> The problem
Look through the records below for the line with "man checking out using his phone" and the line with "Mug with text", then return those lines and all lines between, exactly.

*** Supplied records ***

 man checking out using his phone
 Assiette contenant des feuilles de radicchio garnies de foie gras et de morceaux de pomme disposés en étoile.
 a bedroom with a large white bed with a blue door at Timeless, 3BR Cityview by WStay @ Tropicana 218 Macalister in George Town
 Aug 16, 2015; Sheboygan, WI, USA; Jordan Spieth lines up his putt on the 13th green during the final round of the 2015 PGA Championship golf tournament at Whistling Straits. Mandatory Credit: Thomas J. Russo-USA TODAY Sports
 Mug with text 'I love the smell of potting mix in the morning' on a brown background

*** End of Supplied records ***
*** Supplied records ***

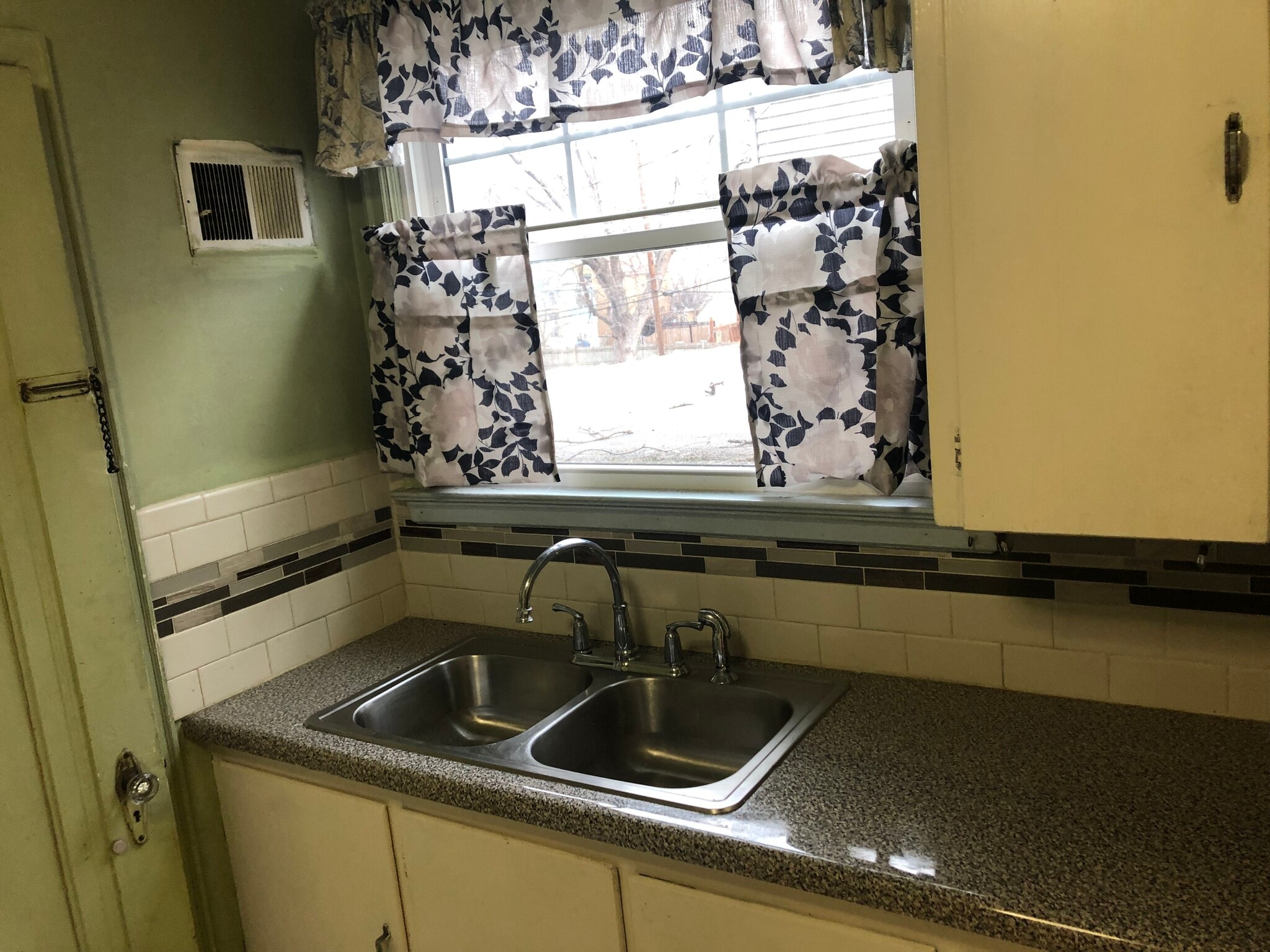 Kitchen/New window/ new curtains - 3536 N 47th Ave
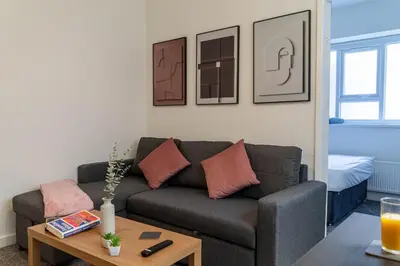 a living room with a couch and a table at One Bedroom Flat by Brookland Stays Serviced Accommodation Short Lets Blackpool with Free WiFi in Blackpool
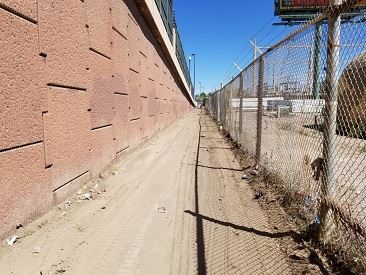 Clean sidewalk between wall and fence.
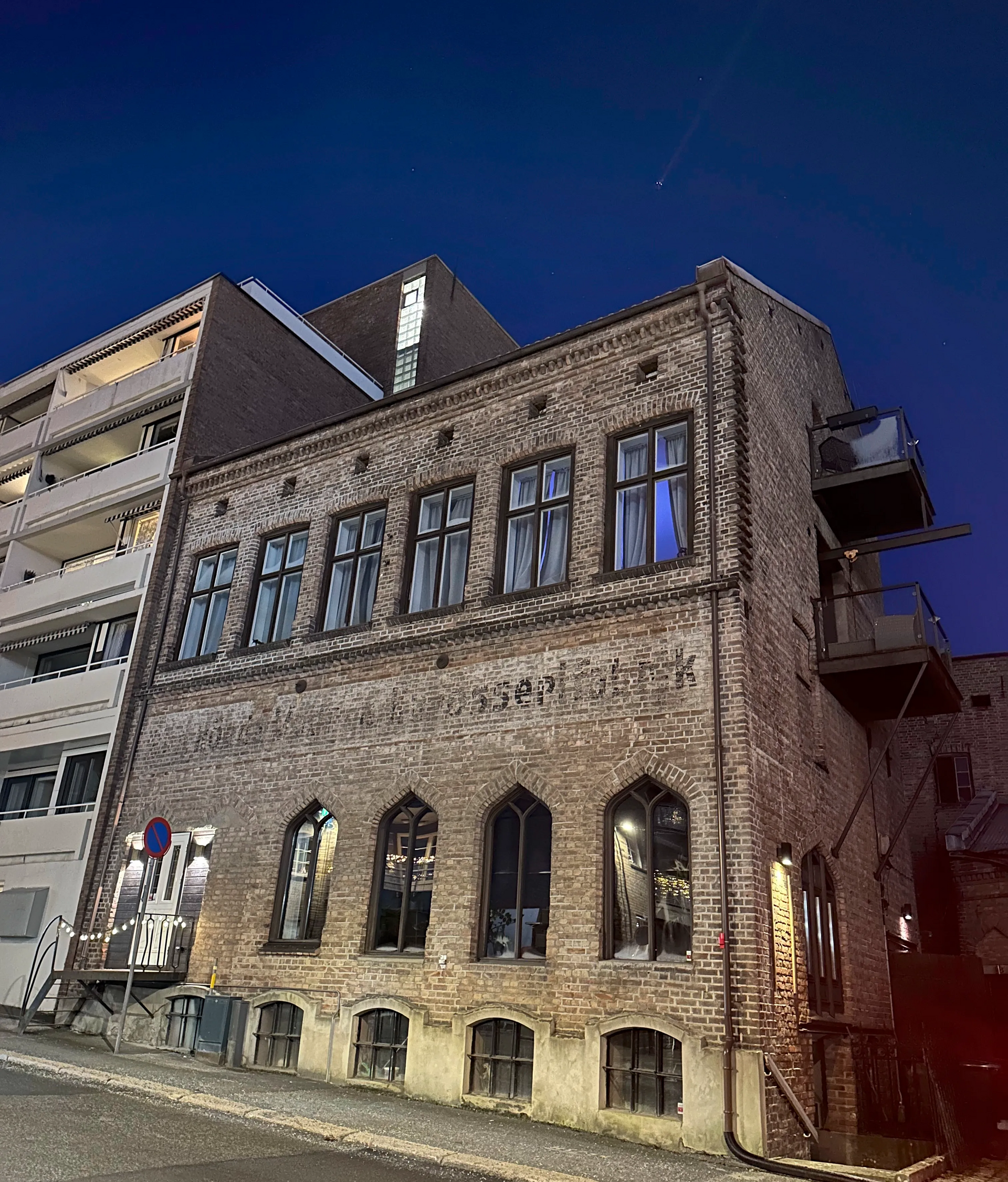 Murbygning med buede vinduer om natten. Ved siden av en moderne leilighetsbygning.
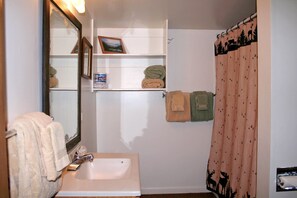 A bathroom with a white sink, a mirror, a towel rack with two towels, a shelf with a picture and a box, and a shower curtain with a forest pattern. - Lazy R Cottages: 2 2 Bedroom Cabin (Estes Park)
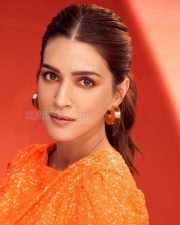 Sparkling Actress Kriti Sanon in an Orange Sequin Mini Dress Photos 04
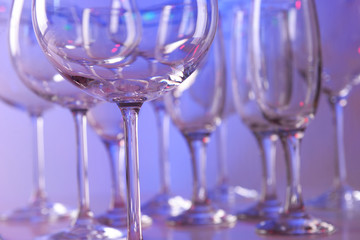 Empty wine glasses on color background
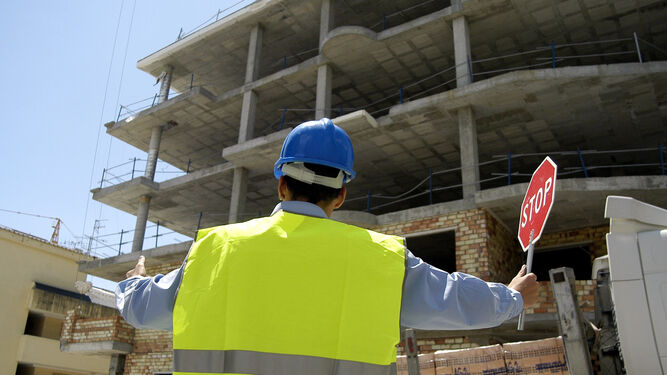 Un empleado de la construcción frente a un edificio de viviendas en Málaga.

*** End of Supplied records ***

> Written solution
 man checking out using his phone
 Assiette contenant des feuilles de radicchio garnies de foie gras et de morceaux de pomme disposés en étoile.
 a bedroom with a large white bed with a blue door at Timeless, 3BR Cityview by WStay @ Tropicana 218 Macalister in George Town
 Aug 16, 2015; Sheboygan, WI, USA; Jordan Spieth lines up his putt on the 13th green during the final round of the 2015 PGA Championship golf tournament at Whistling Straits. Mandatory Credit: Thomas J. Russo-USA TODAY Sports
 Mug with text 'I love the smell of potting mix in the morning' on a brown background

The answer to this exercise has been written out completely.